Aug. 21, 2023
Augmented reality technology helps non-speaking autistic population find their voice
For many autistic people, simply communicating with others can be a near-insurmountable challenge, with many not being able to speak at all.
A visionary project from the University of Calgary’s Schulich School of Engineering (SSE) aims to give this population a true voice.
This groundbreaking research is exploring the use of Microsoft’s augmented reality (AR) device called HoloLens 2, paired with a system a UCalgary team developed called HoloBoard, to train non-speaking autistic individuals with alternative communication modes by enhancing their motor skills.
It’s part of a project spearheaded by SSE researcher Dr. Diwakar Krishnamurthy, PhD, in collaboration with Dr. Mea Wang, PhD, of the Faculty of Science and Dr. Vikram K. Jaswal, PhD, of the University of Virginia, and in partnership with the non-speaking autistic community.
HoloLens 2 acts similarly to a standard virtual reality (VR) device with one main difference: the visor on the headset is transparent, allowing the user to see their real-world surroundings. Using the HoloBoard system, interactive holographic images emerge in the room via the headset. The concept of the system is for the user to practise their pointing and motor skills by interacting with the holographic keyboards and educational content that virtually appear in front of them.
Not only does the HoloBoard help users communicate, it can also help improve movement, explains Madison Imber, a Rapid Prompting Method (RPM) practitioner with Mentoring Minds, who has been working with autistic students for the past seven years.
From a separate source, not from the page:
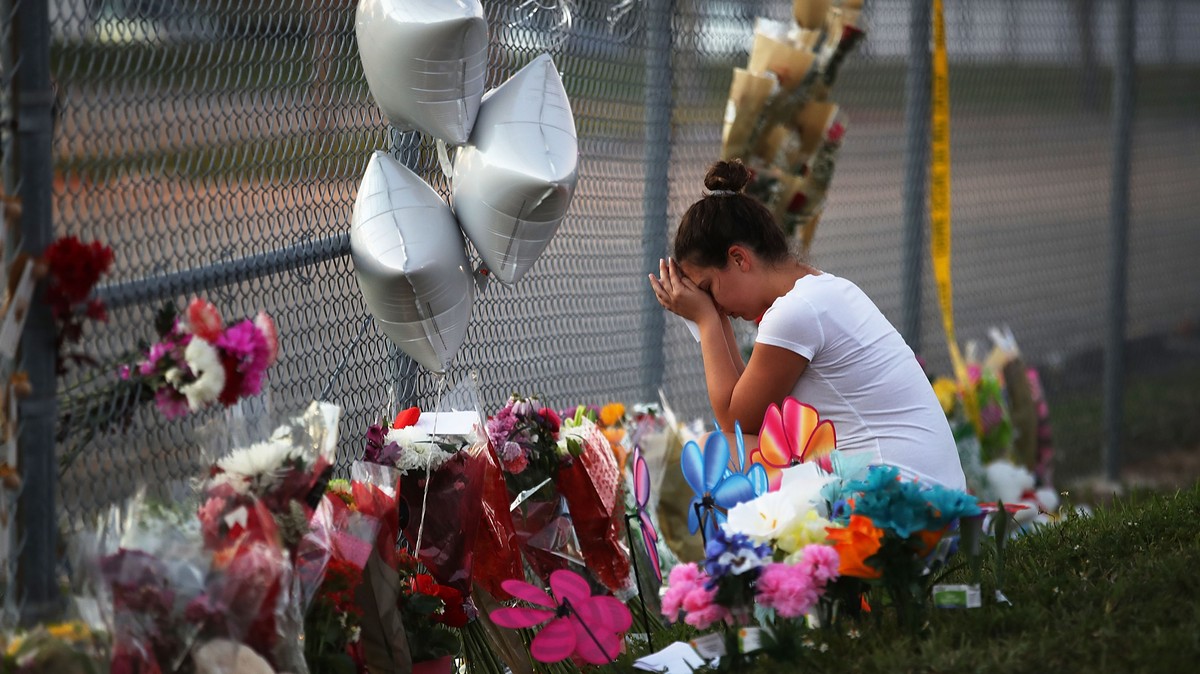 Parkland Shooter Should Not Get the Death Penalty, Jury Recommends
RPM practitioners like Imber customize the delivery of educational lessons to fit the unique sensory and motor profiles of a student — a technique that has informed the UCalgary team’s research.
“Many non-speaking autistic individuals also have apraxia, which, simply put, is a disconnect between the brain and motor movements,” Imber says. “Apraxia makes it difficult for many non-speakers to engage meaningfully in their environment without adequate supports. The HoloBoard system can provide such supports in a thoughtful way through holographic interactions. I have seen progress in many of the participants’ abilities to navigate 3D environments and interact with virtual objects.”
Working together for change
Collaboration between the researchers and subjects has been apparent throughout the process of developing the HoloBoard prototypes. Imber and her clients have been working with the UCalgary team since summer 2022 and input from the non-speaking autistic participants is deeply valued by the research team.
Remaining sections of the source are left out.